• [TASK DESCRIPTION] Give again the line that contains "12-PACK OF Cracker" and every line after it to the end of the records. Keep them exactly as they are and add nothing.

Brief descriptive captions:
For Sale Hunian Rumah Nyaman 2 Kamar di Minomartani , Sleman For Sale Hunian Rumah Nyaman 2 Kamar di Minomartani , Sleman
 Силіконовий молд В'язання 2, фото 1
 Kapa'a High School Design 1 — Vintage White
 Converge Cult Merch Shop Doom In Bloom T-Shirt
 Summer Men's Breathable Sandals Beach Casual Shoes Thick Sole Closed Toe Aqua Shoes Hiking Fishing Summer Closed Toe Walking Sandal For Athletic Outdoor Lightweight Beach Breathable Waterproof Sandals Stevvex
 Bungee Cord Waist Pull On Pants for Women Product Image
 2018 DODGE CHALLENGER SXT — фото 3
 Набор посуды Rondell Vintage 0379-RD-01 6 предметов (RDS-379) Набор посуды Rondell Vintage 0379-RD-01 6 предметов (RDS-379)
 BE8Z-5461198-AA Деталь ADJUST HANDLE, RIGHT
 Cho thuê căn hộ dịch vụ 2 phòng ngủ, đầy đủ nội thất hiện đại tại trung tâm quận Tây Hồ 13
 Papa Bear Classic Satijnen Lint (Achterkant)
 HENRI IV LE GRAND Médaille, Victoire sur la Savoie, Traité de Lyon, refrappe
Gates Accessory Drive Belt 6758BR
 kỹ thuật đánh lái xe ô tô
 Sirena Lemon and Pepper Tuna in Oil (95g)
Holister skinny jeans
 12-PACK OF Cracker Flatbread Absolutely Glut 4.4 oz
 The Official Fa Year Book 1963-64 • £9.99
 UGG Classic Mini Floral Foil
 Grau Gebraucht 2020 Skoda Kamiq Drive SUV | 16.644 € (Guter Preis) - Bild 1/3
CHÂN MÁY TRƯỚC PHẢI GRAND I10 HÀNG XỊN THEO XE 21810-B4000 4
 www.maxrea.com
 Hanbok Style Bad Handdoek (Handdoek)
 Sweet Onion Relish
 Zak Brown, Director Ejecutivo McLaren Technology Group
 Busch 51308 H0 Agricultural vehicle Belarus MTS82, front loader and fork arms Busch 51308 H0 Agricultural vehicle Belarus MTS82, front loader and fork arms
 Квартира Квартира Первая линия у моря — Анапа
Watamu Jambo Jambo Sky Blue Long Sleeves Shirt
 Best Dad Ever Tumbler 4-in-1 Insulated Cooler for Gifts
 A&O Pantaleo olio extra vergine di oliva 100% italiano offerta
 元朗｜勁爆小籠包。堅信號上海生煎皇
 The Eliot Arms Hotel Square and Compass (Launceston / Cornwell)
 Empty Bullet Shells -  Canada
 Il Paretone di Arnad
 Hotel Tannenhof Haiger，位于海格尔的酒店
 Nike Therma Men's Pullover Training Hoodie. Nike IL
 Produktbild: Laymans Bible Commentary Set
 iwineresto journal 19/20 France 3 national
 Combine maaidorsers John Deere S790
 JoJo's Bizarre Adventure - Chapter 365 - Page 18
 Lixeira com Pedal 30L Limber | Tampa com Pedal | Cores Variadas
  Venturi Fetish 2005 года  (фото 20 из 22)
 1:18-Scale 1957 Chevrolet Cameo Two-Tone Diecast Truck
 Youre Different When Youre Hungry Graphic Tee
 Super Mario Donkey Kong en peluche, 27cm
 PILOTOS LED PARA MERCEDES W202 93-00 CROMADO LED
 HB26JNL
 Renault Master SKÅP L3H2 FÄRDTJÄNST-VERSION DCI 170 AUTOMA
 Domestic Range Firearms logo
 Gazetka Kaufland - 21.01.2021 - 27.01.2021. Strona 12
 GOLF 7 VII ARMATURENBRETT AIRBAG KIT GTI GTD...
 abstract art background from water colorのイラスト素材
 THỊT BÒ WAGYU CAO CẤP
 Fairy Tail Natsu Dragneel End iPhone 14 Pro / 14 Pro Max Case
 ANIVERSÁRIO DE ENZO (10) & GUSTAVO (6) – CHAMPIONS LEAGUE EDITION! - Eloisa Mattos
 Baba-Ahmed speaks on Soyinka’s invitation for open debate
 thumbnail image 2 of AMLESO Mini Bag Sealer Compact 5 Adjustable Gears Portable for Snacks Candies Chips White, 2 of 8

• [ANSWER TO THIS PROBLEM]
 12-PACK OF Cracker Flatbread Absolutely Glut 4.4 oz
 The Official Fa Year Book 1963-64 • £9.99
 UGG Classic Mini Floral Foil
 Grau Gebraucht 2020 Skoda Kamiq Drive SUV | 16.644 € (Guter Preis) - Bild 1/3
CHÂN MÁY TRƯỚC PHẢI GRAND I10 HÀNG XỊN THEO XE 21810-B4000 4
 www.maxrea.com
 Hanbok Style Bad Handdoek (Handdoek)
 Sweet Onion Relish
 Zak Brown, Director Ejecutivo McLaren Technology Group
 Busch 51308 H0 Agricultural vehicle Belarus MTS82, front loader and fork arms Busch 51308 H0 Agricultural vehicle Belarus MTS82, front loader and fork arms
 Квартира Квартира Первая линия у моря — Анапа
Watamu Jambo Jambo Sky Blue Long Sleeves Shirt
 Best Dad Ever Tumbler 4-in-1 Insulated Cooler for Gifts
 A&O Pantaleo olio extra vergine di oliva 100% italiano offerta
 元朗｜勁爆小籠包。堅信號上海生煎皇
 The Eliot Arms Hotel Square and Compass (Launceston / Cornwell)
 Empty Bullet Shells -  Canada
 Il Paretone di Arnad
 Hotel Tannenhof Haiger，位于海格尔的酒店
 Nike Therma Men's Pullover Training Hoodie. Nike IL
 Produktbild: Laymans Bible Commentary Set
 iwineresto journal 19/20 France 3 national
 Combine maaidorsers John Deere S790
 JoJo's Bizarre Adventure - Chapter 365 - Page 18
 Lixeira com Pedal 30L Limber | Tampa com Pedal | Cores Variadas
  Venturi Fetish 2005 года  (фото 20 из 22)
 1:18-Scale 1957 Chevrolet Cameo Two-Tone Diecast Truck
 Youre Different When Youre Hungry Graphic Tee
 Super Mario Donkey Kong en peluche, 27cm
 PILOTOS LED PARA MERCEDES W202 93-00 CROMADO LED
 HB26JNL
 Renault Master SKÅP L3H2 FÄRDTJÄNST-VERSION DCI 170 AUTOMA
 Domestic Range Firearms logo
 Gazetka Kaufland - 21.01.2021 - 27.01.2021. Strona 12
 GOLF 7 VII ARMATURENBRETT AIRBAG KIT GTI GTD...
 abstract art background from water colorのイラスト素材
 THỊT BÒ WAGYU CAO CẤP
 Fairy Tail Natsu Dragneel End iPhone 14 Pro / 14 Pro Max Case
 ANIVERSÁRIO DE ENZO (10) & GUSTAVO (6) – CHAMPIONS LEAGUE EDITION! - Eloisa Mattos
 Baba-Ahmed speaks on Soyinka’s invitation for open debate
 thumbnail image 2 of AMLESO Mini Bag Sealer Compact 5 Adjustable Gears Portable for Snacks Candies Chips White, 2 of 8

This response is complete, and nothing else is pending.